### TASK PROMPT
From the entries below, list each line with "Grey".

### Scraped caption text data
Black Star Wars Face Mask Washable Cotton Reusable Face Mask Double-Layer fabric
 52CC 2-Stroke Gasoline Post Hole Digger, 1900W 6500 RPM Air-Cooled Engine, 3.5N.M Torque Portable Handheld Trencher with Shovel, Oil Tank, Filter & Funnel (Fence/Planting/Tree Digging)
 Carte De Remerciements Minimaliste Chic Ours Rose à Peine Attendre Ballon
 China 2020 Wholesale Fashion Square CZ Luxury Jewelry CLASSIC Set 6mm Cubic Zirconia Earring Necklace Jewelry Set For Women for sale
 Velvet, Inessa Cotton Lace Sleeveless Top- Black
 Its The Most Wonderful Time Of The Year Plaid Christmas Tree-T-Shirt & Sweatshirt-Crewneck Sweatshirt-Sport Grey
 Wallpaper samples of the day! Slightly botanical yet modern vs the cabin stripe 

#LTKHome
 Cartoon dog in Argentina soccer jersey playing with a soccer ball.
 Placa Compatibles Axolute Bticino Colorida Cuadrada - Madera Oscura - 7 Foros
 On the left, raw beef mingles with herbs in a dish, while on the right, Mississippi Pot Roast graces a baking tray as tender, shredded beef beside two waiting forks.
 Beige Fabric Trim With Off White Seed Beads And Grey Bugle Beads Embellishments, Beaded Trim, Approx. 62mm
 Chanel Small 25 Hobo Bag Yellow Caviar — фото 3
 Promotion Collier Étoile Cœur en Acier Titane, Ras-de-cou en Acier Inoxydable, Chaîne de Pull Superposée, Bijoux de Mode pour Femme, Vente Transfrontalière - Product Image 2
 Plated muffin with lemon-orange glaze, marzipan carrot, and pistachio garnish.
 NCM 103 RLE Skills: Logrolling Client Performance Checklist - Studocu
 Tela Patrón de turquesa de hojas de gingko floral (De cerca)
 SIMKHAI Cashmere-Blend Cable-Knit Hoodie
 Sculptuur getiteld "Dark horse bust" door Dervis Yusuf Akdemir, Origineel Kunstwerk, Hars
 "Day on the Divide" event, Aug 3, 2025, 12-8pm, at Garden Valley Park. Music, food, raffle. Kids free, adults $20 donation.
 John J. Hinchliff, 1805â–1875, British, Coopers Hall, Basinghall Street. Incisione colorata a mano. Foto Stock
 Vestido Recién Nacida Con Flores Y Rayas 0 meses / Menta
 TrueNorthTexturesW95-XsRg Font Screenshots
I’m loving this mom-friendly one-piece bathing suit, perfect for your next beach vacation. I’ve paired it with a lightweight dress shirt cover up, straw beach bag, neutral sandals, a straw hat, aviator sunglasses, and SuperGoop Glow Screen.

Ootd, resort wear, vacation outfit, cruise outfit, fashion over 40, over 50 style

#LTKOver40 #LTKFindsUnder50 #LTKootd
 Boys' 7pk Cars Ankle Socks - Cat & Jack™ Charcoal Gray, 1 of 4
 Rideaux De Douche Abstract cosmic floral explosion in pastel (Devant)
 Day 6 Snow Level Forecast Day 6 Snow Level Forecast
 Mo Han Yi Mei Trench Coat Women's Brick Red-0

### TASK SOLUTION
 Its The Most Wonderful Time Of The Year Plaid Christmas Tree-T-Shirt & Sweatshirt-Crewneck Sweatshirt-Sport Grey
 Beige Fabric Trim With Off White Seed Beads And Grey Bugle Beads Embellishments, Beaded Trim, Approx. 62mm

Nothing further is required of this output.